What is database encryption?
Database encryption is the process of transforming data – that has been stored in a database, and in plain text format – into a ciphertext with the help of a suitable algorithm known as a “key”. This way, the only option available to decipher and use the data will be with the help of this encryption key.
Only have time for a quick glance at the tools? Here is our summary list of the best database encryption tools:
- IBM Security Guardium Data Protection EDITOR’S CHOICE Provides full visibility while encrypting and decrypting structured or unstructured data with good levels of automation and scalability. Installs on Windows, Linux, Unix, or cloud platforms.
- Vormetric Transparent Encryption Hardware-accelerated encryption solution using data-at-rest encryption with centralized key management, privileged user access control, and more.
- DbDefence for Microsoft SQL With data masking techniques for database tables provides extra protection, bespoke SQL database encryption.
- BitLocker The ‘go-to’ encryption solution for Microsoft Windows-based systems designed to provide powerful encryption to whole volumes.
Why do we need database encryption?
The term “encryption” represents the conversion of data into a secure format that can only be read using a decryption key. The whole purpose is to ensure that only authorized persons or applications can access and work with the data. In a world that has become all too familiar with breaches and hacks, data owners have come to seek ways to keep their data secure. The software industry heeded this call and came up with solutions where their clients’ data is encrypted in three major ways:
- Full-drive encryption – encryption of drives as a whole and where everything that is stored on them is ciphered. Major operating systems like Linux and Windows Server come with features that allow for full-disk encryption that can then only be accessed using a password. This password needs to be entered at boot time so that even the operating system itself can gain access to data on it. Any application that then runs on the server doesn’t require access to the password as the operating system handles its access transparently.
- Partial system encryption – file-system-only encryption that ciphers a specific folder or data file which can then be accessed by only using a password. This method is similar to the previous encryption method as here too, once the operating system confirms the right password, any applications that need to work with the data will do so transparently. The drawback here is that human error could result in sensitive data being stored in unencrypted file storage spaces or systems.
- Database encryption – data security that converts data stored in databases into undecipherable garbage that makes no sense without a password. Here the password need only be inserted when the database is being accessed and not when the whole system starts up.

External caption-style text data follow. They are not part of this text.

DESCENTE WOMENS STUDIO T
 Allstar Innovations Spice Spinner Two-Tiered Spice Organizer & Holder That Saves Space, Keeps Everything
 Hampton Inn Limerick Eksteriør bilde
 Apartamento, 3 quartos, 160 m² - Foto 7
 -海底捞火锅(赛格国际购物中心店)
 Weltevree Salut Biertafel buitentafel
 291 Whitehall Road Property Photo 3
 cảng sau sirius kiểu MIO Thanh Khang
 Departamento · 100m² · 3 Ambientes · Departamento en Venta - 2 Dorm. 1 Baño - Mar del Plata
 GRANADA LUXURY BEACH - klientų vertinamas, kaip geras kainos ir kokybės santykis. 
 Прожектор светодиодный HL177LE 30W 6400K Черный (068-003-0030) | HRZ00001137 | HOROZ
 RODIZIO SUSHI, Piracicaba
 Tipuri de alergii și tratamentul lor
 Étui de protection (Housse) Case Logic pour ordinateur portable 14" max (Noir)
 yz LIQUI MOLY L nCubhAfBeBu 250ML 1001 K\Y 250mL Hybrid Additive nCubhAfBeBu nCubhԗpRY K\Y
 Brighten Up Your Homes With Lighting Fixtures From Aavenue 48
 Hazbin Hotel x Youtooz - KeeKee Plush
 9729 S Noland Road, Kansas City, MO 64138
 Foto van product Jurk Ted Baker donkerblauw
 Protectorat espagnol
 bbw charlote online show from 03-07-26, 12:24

In this case, should there be unauthorized access to the disk – even if it were physically removed – the culprits wouldn’t be able to access the data that is in the encrypted databases.
Since we have mentioned “transparency” a couple of times in the encryption types above, it becomes necessary to look into the definition of the concept in detail:
What is Transparent Database Encryption (TDE)?
Transparent Data encryption (TDE) is an encryption technology that is used by the larger database software companies like Microsoft, IBM, and Oracle. They have made this technology a part of the data security feature for a number of their database solutions. Image source
TDE is database-level encryption that works to cipher data at rest – meaning when the data is not being accessed, changed or in motion over a network – by encoding the structure of the database and not the data itself. This way, even if a disk is stolen, the database on it can’t be accessed without the original encryption certificate and master key.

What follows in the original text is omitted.